The full JSON response…
Conversation Summarisation
Below the test conversational data supplied by Microsoft…
Agent: “Hello, you’re chatting with Rene. How may I help you?”Customer: “Hi, I tried to set up wifi connection for Smart Brew 300 espresso machine, but it didn’t work.”Agent: “I’m sorry to hear that. Let’s see what we can do to fix this issue. Could you push the wifi connection button, hold for 3 seconds, then let me know if the power light is slowly blinking?”Customer: “Yes, I pushed the wifi connection button, and now the power light is slowly blinking.”Agent: “Great. Thank you! Now, please check in your Contoso Coffee app. Does it prompt to ask you to connect with the machine?”Customer: “No. Nothing happened.”Agent: “I see. Thanks. Let’s try if a factory reset can solve the issue. Could you please press and hold the center button for 5 seconds to start the factory reset.”Customer: “I’ve tried the factory reset and followed the above steps again, but it still didn’t work.”Agent: “I’m very sorry to hear that. Let me see if there’s another way to fix the issue. Please hold on for a minute.”

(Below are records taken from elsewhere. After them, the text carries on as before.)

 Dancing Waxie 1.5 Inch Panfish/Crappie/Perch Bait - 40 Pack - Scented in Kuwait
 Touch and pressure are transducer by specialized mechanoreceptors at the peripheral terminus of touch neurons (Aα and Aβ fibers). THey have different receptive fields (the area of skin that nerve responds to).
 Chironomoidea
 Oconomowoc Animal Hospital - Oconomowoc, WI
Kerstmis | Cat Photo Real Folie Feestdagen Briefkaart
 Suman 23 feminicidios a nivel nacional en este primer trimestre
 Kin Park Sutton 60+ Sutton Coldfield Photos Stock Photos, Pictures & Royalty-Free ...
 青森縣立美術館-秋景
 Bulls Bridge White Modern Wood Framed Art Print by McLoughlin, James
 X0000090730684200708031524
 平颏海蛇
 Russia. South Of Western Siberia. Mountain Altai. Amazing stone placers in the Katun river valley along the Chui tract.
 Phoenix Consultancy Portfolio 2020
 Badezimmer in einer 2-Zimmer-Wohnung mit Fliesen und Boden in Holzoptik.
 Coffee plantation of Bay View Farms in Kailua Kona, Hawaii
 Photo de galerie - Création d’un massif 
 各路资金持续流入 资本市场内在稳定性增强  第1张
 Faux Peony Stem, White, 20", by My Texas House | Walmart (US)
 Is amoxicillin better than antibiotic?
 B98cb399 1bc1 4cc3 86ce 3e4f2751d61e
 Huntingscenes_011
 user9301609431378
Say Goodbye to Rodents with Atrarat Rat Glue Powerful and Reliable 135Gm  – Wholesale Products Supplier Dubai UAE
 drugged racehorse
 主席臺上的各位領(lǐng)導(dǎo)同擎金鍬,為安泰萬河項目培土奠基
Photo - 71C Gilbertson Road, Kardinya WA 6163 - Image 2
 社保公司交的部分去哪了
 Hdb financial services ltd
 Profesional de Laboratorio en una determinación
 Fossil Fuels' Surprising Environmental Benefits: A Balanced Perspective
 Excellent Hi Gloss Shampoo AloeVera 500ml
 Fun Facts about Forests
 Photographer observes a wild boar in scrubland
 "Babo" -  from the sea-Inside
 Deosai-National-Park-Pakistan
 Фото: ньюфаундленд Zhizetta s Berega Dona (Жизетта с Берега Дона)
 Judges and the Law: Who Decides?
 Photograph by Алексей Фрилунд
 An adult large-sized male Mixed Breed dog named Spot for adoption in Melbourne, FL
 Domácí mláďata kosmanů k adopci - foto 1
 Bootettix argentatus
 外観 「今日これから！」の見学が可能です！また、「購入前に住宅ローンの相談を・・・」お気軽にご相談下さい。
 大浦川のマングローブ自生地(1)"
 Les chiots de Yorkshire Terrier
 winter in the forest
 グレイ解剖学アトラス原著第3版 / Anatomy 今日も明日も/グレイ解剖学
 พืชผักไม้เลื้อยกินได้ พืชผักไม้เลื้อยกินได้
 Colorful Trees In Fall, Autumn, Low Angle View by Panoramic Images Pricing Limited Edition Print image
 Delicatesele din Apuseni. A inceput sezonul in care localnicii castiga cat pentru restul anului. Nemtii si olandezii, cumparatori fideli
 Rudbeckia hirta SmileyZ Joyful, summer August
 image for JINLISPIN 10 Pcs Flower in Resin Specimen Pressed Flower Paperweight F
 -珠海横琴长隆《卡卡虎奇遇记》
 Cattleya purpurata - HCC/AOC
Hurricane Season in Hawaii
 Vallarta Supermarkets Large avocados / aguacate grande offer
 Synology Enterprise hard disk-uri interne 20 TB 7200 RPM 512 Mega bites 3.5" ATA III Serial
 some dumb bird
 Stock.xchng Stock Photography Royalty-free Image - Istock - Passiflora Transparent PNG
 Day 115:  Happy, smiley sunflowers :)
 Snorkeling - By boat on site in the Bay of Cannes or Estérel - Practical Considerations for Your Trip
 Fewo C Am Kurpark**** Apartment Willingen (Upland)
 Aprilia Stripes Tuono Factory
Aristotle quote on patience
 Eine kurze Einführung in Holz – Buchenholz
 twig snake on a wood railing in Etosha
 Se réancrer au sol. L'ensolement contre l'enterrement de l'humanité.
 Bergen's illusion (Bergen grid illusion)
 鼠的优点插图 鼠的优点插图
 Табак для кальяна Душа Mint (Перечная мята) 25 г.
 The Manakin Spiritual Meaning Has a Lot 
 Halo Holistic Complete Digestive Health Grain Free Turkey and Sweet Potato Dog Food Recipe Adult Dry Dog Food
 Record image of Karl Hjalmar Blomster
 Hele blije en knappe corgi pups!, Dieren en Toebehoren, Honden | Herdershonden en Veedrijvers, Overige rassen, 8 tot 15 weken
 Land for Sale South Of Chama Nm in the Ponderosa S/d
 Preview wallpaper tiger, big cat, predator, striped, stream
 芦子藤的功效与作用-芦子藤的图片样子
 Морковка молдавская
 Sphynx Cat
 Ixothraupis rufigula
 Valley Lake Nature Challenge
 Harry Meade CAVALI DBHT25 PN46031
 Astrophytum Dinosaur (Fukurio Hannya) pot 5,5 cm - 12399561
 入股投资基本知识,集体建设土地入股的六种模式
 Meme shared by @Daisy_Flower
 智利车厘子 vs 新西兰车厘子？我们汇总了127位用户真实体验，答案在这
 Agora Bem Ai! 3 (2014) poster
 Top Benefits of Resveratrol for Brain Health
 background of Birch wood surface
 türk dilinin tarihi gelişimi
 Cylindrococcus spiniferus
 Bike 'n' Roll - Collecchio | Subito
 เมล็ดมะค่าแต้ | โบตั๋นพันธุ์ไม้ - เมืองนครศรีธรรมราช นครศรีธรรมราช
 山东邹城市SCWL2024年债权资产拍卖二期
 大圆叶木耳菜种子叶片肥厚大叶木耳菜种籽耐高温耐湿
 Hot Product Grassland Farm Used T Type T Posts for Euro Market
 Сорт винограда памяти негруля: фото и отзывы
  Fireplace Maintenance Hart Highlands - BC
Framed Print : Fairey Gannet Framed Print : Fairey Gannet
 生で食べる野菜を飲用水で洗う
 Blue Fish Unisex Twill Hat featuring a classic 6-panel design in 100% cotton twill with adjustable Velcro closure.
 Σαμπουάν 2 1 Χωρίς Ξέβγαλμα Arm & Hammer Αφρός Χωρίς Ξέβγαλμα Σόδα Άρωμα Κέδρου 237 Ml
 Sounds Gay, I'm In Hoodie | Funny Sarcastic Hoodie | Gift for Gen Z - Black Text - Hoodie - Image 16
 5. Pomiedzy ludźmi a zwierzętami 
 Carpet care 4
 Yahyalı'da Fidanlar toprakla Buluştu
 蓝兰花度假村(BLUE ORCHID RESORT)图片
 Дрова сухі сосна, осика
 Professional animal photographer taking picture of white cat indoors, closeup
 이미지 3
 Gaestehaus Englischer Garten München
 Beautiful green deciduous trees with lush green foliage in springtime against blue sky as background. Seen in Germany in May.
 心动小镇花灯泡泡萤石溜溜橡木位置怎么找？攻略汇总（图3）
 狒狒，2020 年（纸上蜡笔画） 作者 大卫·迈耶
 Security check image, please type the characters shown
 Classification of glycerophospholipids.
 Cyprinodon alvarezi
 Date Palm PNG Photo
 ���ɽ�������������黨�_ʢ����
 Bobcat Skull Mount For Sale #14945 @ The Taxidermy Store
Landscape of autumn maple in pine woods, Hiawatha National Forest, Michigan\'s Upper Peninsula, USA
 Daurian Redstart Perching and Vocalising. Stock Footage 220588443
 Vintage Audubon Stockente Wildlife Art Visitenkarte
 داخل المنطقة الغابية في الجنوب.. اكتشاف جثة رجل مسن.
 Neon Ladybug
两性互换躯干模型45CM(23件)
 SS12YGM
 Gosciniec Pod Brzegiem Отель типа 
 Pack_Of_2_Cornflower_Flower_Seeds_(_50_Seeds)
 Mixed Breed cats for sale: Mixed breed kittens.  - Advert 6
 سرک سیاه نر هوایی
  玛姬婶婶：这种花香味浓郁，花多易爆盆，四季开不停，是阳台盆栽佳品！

And the result view from the Microsoft documentation:
Unfortunately conversation summarisation is currently a gated public preview feature for which you need to apply and there is a waiting period of 10 days.
Conclusion
With regard to LLM’s there are a few things happening…three of note…the first is that there are a handful of companies specialising in Large Language Models in varying degrees. As mentioned at the onset of this article, these are OpenAI, Cohere, AI21labs, etc.
Secondly, there are models being open-sourced which are democratising access to large language models.
Thirdly, the traditional cloud platforms are looking at integrating LLM’s into their products. Making it easier for organisation to include documents into their search and knowledge bases. This approach makes the integration of LLM’s seamless and LLM’s acts as a supporting feature, disappearing in the background.
Often the question has been asked, what is the real-world production value of LLM’s. Seemingly Microsoft is trying to change this, with specific use-case based API’s and positioning these LLM implementations as supporting technology in orchestrating initiatives like CCAI.